OLE automation client
An OLE automation client is an application that accesses functionality provided by third-party applications. OLE automation is a standard that allows communication between applications. For example, a program can query and set the current text selection in a Microsoft Word document through OLE automation.
OLE automation server
An OLE automation server makes functionality available by exposing OLE objects. These objects have properties and methods. An OLE property is a value that an application can get and set. An OLE method is a multi-parameter function that is called by an automation client and implemented by an automation server.
OLE custom control (OCX)
An OCX is a custom Windows control that is built with OLE technologies. Unlike a Windows control, an OCX may or may not have a visual representation. OCXs build on almost all the base OLE technologies. For example, an OCX uses:
In-place activation for its content display in a client application's user interface
The server side of OLE automation for control of its properties and behavior
The client side of OLE automation for event notification from the server to the client.
A property is a data attribute (or a variable) of an OLE automation object or an OCX that is retrieved or modified by a container. Properties of an OLE automation or OCX object are identified by both a unique name and a unique numeric value.
Ambient properties
Ambient properties are attributes of an OCX container that are supplied on request to any of its embedded OCXs. These properties define the environment (or ambiance) for all OCXs used in an application, for example, default colors and fonts. OCXs typically initialize their state through ambient-property requests to the container. However, containers may explicitly override an OCX property that was obtained from its ambient property.

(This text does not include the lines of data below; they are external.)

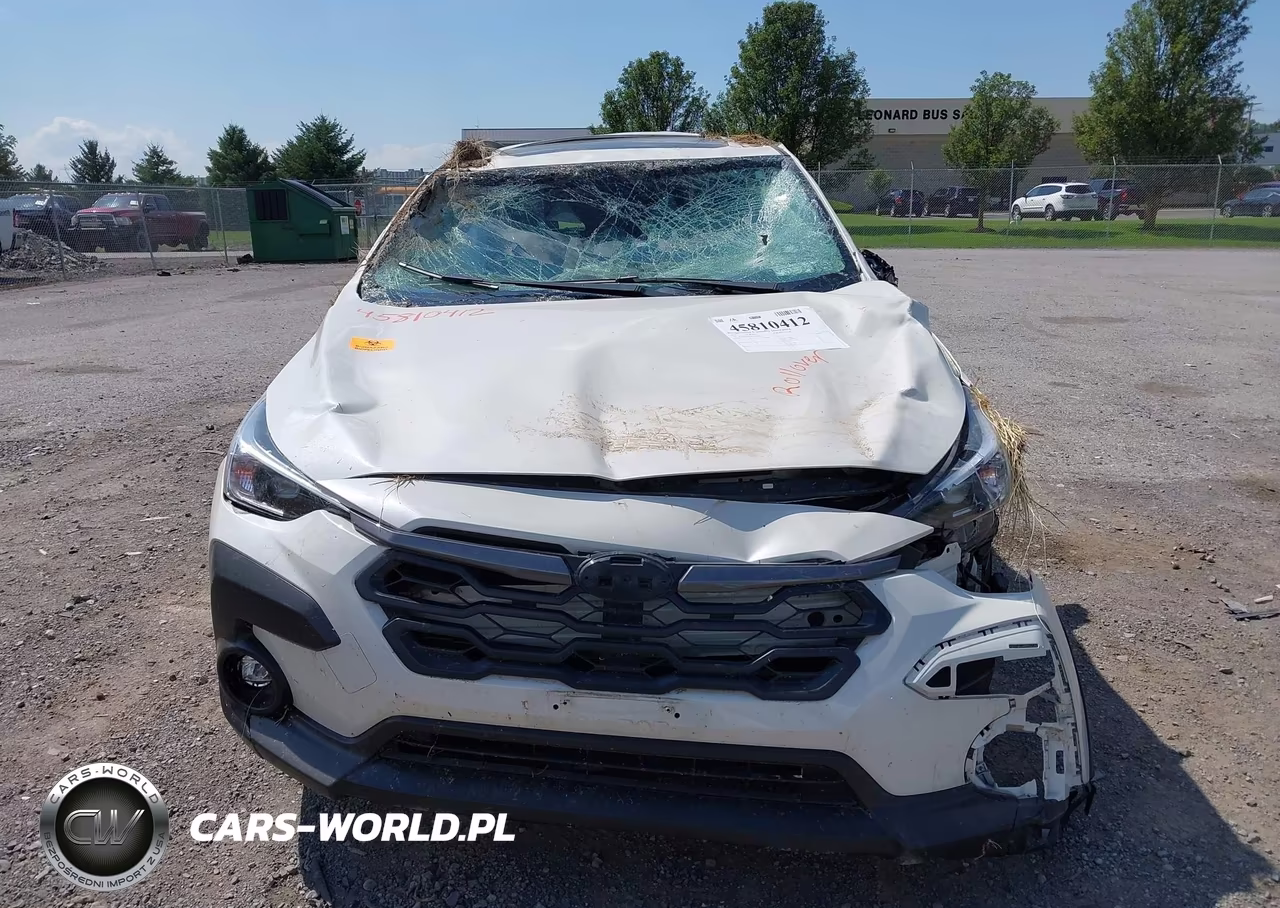 2025 Subaru Crosstrek Premium VIN:JF2GUHDC4S8290982 - 11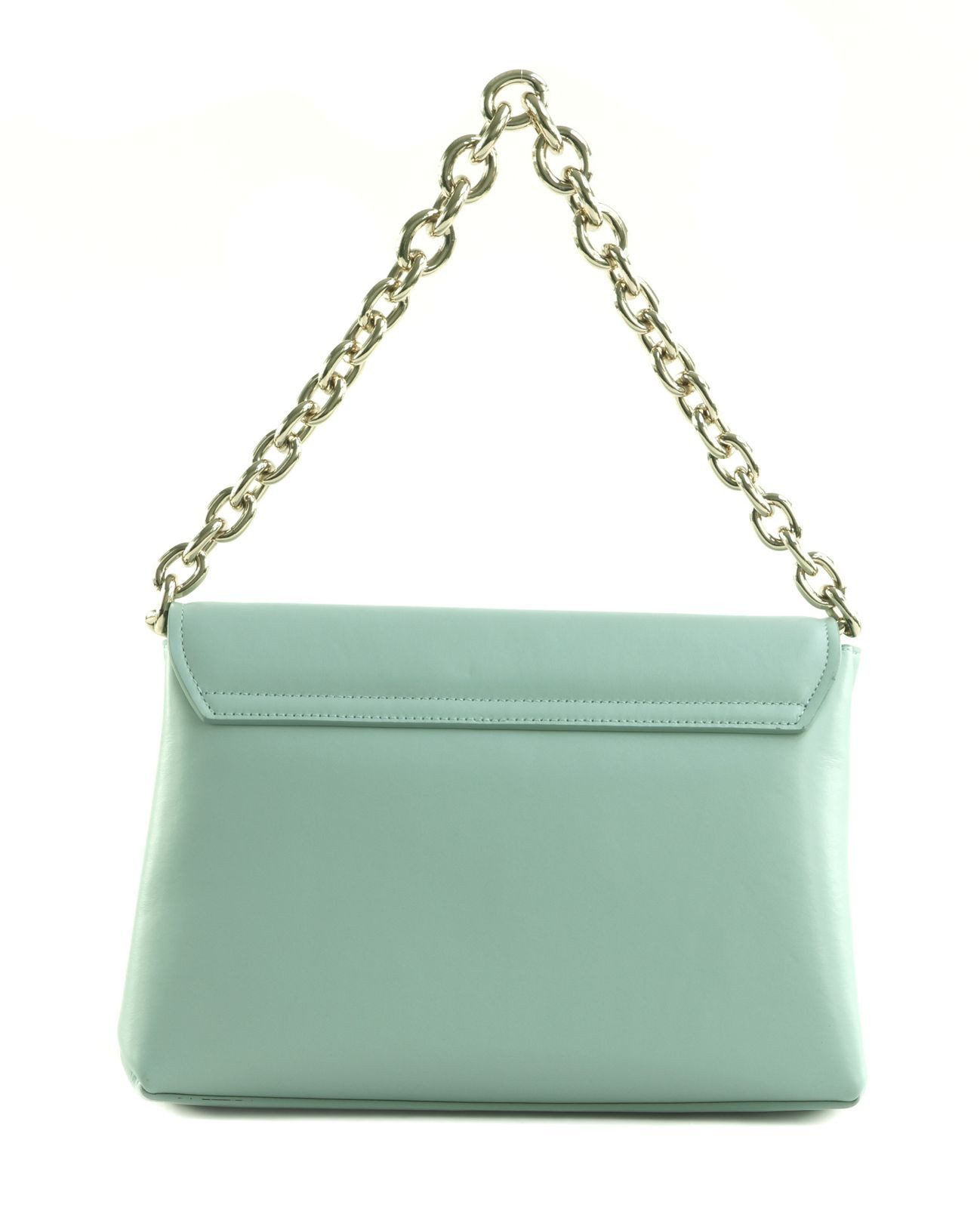 Furla Schultertasche Crossbody Bag With Double Strap, aus echtem Leder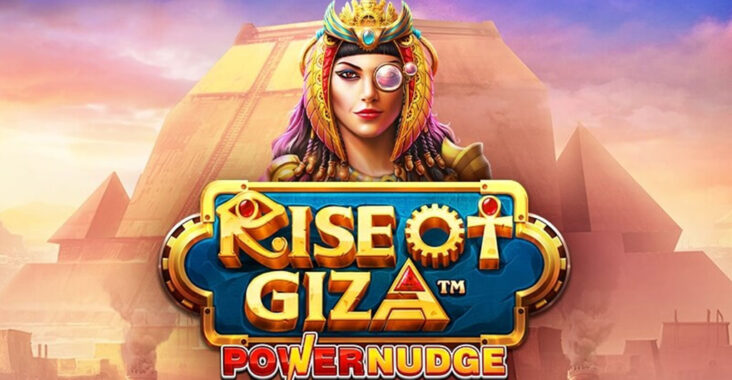 Review Game Slot Online Rise of Giza Power Nudge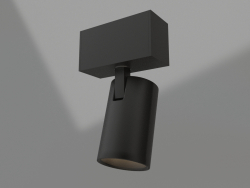 Lampe MAG-SPOT-45-R85-3W Day4000 (BK, 20 Grad, 24V)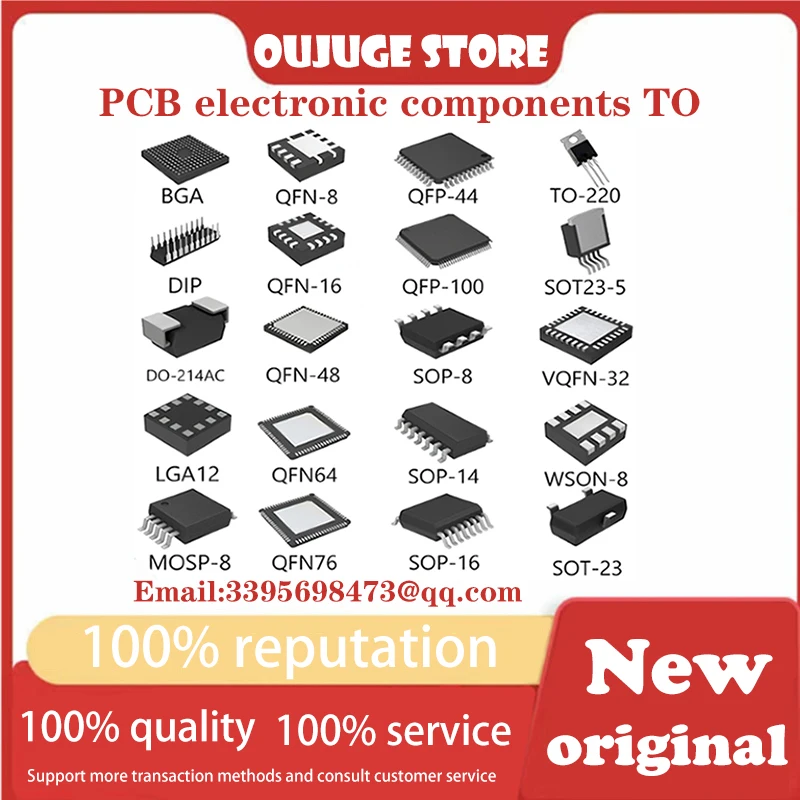 10pcs/lot New original CH340N SOP-8 USB ICs ROHS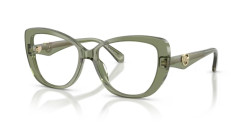 Michael Kors MK 4163U DERVIO - 3961 GREEN TRANSPARENT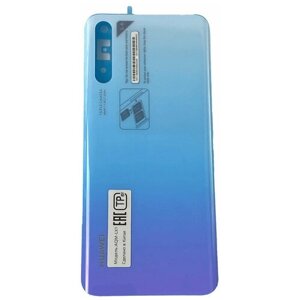 Задняя крышка ORIGINAL для Huawei Y8p Голубой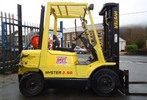 Thumbnail Hyster D187 (S2.00XM S2.25XM S2.50XM S3.00XM S3.20XM Europe) Forklift Service Repair Factory Manual INSTANT DOWNLOAD 
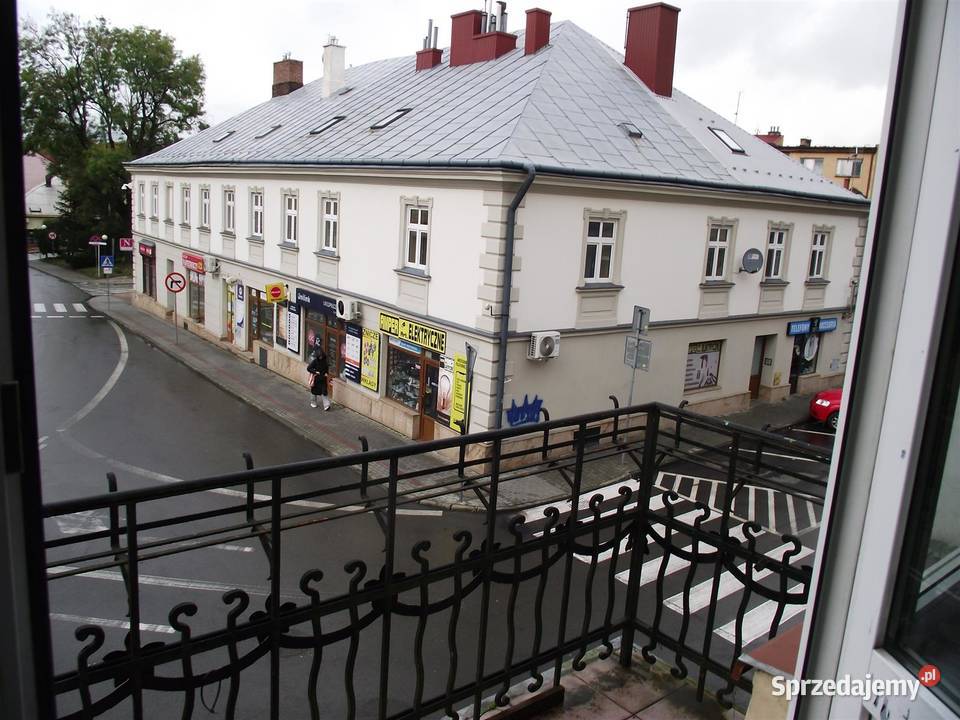 Mieszkanie Centrum w Kamienicy 2 piętra Łańcut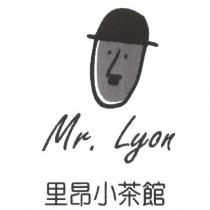 里昂小茶館 Mr. Lyon 及圖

An event is a notification that an OCX sends to its container when the user triggers an event in that OCX, for example, a mouse-click on the OCX. An OCX uses events to transform a user's action into a precise trigger on its container, which in turn picks up the event and executes some code.
Each method or property of an OLE automation or OCX object has a unique name and a unique DISPID (a 32-bit number). A DISPID is the preferred way to access a method or property because it reduces expensive string lookup operations and is independent of the national language used to define the names.
Licensing is a mechanism that OCX vendors use to restrict the use of their OCX in container applications. Licensed OCXs provide a key that a container must use to activate the OCX at run time.